Here's the file you need 

https://www.dropbox.com/s/d3vquldxfv7boot/calibration_board.pdf?dl=0


----------



## kevin#34 (Jan 8, 2019)

wonderful! 8) 
tanks soooo much!
just a question:
do I need to set-up a specific printing size, or it will be already the correct one?


----------



## phazer (Apr 2, 2018)

kevin#34 said:


> wonderful! 8)
> tanks soooo much!
> just a question:
> do I need to set-up a specific printing size, or it will be already the correct one?


PDF's can carry the print sizes but I'm not sure if this one does.
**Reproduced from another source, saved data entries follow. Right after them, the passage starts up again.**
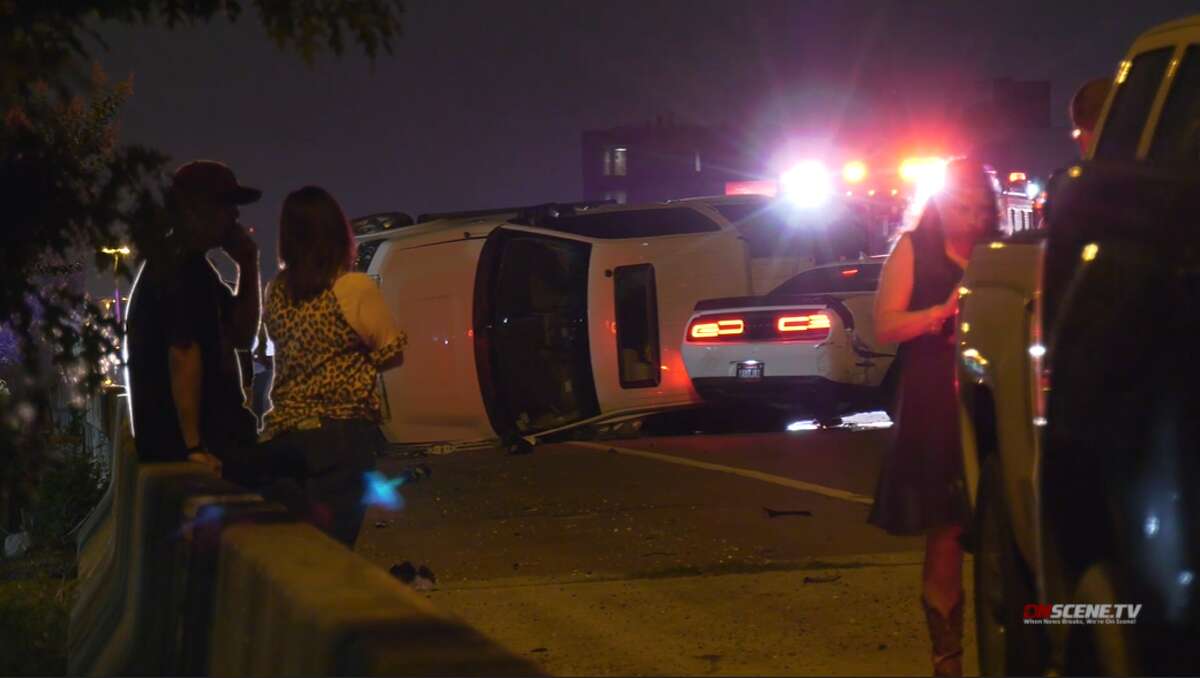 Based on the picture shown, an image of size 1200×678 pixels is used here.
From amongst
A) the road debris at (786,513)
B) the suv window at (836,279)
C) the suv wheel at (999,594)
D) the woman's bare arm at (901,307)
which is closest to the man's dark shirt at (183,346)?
the woman's bare arm at (901,307)

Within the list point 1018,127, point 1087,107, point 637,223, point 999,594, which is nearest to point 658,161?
point 1018,127

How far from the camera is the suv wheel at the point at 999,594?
496 centimetres

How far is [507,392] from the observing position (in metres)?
14.3

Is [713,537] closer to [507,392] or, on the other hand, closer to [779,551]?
[779,551]

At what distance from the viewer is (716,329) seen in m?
13.2

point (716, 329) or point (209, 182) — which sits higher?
point (209, 182)

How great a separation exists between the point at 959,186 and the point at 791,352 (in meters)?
7.11

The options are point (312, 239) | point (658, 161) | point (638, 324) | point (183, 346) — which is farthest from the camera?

I'd have thought it would as it's a bit useless otherwise.

You'll need a big printer/plotter though!


----------



## kevin#34 (Jan 8, 2019)

ok, I will try to print the file as it is (have the possibility to use a big plotter)..
ideally, would be good to know which dimensions (length x width) the board must have once printed, I will searching for that


----------



## robokn (Feb 21, 2006)

Just ordered mine, how long did it take to arrive and the fault code is that sat in ECU or
does it PPEr on screen??


----------



## kevin#34 (Jan 8, 2019)

in my case (Hungarian seller), it was quite rapid, around 5/6 working days...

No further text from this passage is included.